Main floor’s comfy, basement’s a freezer
QUESTION: We have a seven-yearold, 1800-square-feet bungalow that has a concrete basement. There is a walkout feature, which incorporates an enclosed three-season sunroom. One large window is in place for the view and then three standard windows are in the bedroom and workout area.
About three years ago, we had it finished, included adding a couple of cold-air returns to the basement. We hoped the basement would have more circulation and there would be an increase draw of warm air into the space. This has not happened and the basement remains cool in winter and summer. The temperature is usually around 14 C (57 F), and a bit lower in summer when the air conditioning is on.
We had a spray foam contractor insulate the spaces where the joists connect with the outside wall prior to the basement work. There is four inches of insulation in the walls. We installed a T-bar ceiling, drywall and Dri-core with laminate on the floor. There is the standard configuration of ceiling heat vents. All dampers are fully open. The windows are tri-pane with three large fixed units as part of the walkout and three basement dualpane sliders.
Is the low temperature just because cool air settles and our open design allows cool air to easily flow down the stairway into the basement? Do you have suggestions to remedy this issue?
Jim Duthie. Answer: Your situation is common and you appear to have a handle on the cause of the cold lower level, which may not be unavoidable. I will give you a few ideas to help make the space more comfortable.
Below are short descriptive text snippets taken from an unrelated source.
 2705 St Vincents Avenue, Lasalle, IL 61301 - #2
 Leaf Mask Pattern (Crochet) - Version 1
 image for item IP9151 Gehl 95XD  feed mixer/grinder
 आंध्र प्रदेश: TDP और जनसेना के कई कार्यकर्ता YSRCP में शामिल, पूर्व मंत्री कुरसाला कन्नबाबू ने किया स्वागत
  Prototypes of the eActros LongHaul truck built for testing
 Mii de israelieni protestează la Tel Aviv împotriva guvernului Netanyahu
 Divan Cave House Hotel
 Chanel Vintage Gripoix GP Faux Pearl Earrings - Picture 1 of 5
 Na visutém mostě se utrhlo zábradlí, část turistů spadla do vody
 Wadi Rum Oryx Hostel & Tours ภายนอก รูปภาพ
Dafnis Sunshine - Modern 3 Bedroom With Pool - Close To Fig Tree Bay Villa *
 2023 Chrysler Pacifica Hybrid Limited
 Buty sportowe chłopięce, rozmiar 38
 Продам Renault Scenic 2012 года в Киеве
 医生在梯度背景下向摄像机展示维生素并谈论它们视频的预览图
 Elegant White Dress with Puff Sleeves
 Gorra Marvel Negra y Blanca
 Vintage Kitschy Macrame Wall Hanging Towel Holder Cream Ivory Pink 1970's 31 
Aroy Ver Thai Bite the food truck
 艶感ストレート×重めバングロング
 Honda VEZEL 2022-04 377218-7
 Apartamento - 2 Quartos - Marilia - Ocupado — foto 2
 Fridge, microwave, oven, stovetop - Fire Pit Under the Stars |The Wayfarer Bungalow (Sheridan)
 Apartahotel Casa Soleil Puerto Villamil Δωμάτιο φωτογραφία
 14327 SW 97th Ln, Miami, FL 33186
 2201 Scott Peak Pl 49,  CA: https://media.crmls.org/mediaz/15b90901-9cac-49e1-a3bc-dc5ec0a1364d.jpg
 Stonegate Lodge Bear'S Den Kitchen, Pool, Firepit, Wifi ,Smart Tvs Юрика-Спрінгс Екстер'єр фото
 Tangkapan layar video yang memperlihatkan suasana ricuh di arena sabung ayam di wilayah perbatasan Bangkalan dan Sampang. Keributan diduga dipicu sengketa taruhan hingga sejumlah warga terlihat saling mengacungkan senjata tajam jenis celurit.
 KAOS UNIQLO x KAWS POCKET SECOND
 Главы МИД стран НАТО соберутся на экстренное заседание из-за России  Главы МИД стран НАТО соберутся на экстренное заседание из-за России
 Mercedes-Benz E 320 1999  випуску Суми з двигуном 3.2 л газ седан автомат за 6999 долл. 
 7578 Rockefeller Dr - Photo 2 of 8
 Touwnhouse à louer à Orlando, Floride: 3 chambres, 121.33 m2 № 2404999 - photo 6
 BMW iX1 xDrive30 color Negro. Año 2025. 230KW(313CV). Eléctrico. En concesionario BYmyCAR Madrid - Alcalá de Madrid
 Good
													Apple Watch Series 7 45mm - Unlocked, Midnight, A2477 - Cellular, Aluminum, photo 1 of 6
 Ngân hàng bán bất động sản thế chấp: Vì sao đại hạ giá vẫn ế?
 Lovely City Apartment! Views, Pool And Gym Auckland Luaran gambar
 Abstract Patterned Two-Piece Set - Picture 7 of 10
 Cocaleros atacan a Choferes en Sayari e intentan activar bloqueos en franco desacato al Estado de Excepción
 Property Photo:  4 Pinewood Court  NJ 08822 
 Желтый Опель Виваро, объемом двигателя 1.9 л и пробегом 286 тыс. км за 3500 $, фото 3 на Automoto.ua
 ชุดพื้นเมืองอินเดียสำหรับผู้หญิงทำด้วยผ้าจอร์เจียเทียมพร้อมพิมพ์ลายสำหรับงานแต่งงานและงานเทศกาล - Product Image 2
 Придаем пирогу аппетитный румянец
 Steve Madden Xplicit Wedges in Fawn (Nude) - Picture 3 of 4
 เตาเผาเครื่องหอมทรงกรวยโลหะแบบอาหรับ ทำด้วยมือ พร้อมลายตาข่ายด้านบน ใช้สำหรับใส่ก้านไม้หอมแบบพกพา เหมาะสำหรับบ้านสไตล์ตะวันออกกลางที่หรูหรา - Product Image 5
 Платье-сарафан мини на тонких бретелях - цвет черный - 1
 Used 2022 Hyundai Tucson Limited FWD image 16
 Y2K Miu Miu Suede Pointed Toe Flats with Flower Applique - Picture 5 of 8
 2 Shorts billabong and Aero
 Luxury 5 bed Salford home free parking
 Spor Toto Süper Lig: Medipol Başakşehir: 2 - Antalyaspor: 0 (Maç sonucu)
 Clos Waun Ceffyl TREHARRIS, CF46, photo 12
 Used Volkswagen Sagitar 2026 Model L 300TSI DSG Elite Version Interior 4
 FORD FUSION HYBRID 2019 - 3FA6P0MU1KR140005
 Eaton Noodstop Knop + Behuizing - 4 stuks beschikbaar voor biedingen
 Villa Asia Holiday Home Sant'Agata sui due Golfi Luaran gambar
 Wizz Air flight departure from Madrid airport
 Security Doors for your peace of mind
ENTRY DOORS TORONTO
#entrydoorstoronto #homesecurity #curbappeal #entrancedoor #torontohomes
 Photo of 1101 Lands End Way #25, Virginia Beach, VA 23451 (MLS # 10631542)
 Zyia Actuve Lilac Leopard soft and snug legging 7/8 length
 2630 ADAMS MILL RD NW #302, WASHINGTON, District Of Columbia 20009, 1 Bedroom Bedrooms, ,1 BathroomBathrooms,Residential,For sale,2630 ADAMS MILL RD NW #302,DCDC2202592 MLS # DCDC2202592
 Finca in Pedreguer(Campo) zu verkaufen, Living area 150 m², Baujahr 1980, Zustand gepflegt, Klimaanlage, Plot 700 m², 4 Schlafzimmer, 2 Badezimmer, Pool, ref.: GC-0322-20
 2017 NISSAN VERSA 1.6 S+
I recently completed a similar job in my own home. It sounds similar to the design of my own lower level, except for the age and large windows in the walkout. The drop ceiling is an ideal product to allow access to the joist space above, while the dimple membrane subfloor and laminate will warm the feet much more than walking on concrete. While you have insulated the inside of the foundation to moderate levels, this should make little difference to the comfort if it is properly sealed with a good air/vapour barrier. While the large windows and walkout door may allow some cooler air to infiltrate from the outside, none of these should be the major contributing factor to the cold indoor air.
After eliminating most of these factors, the last item is the heating system. You are correct that the basements of most homes are typically colder that the upper floors due to normal warm air/cold air movement, but that should not account for such as dramatic difference. A few degrees differential is typical, but not to the level you have measured.
While the return-air ducting and registers in your basement may have improved airflow in the basement, it is obviously not enough. The basement is almost always colder due to the soil and concrete foundation, while cooler air settling from the main floor should be a secondary concern if the heating system is operating properly.
Try using the dampers on the main-floor heating ducts, or inside the main-floor registers, to adjust the warm airflow to all the rooms on the main floor. By restricting the warm air in these areas, you may allow more air pressure to the basement registers, warming the lower level. Rooms with south and west exposures, will have more significant solar gain during the day, and may seem much warmer than others.
On cloudy days, or at night, these registers may have to be opened a bit more, if you have partially closed them to compensate. Also, if you have large windows in the living room or family room, or a vaulted ceiling, that area may be much warmer or cooler depending on the same factors.
Another thing that may help even out the temperature between upstairs and downstairs is running the furnace fan continuously.
This will minimize the normal temperature swings that can be seen between the time the furnace is firing and is still. It may help lessen the time it takes to warm the basement, while moderating the main-floor air temperature and cycling the furnace more frequently.
Also, the location of the thermostat should be checked. Too often, in open-concept homes, thermostats are located on the main floor in a poor location due to the lack of partition walls. This can be either too close to an entry door, window, floor heat register, or other source of heat or cold. In that situation, the thermostat will not call for heat at the appropriate time, further reducing the heating capacity in the basement.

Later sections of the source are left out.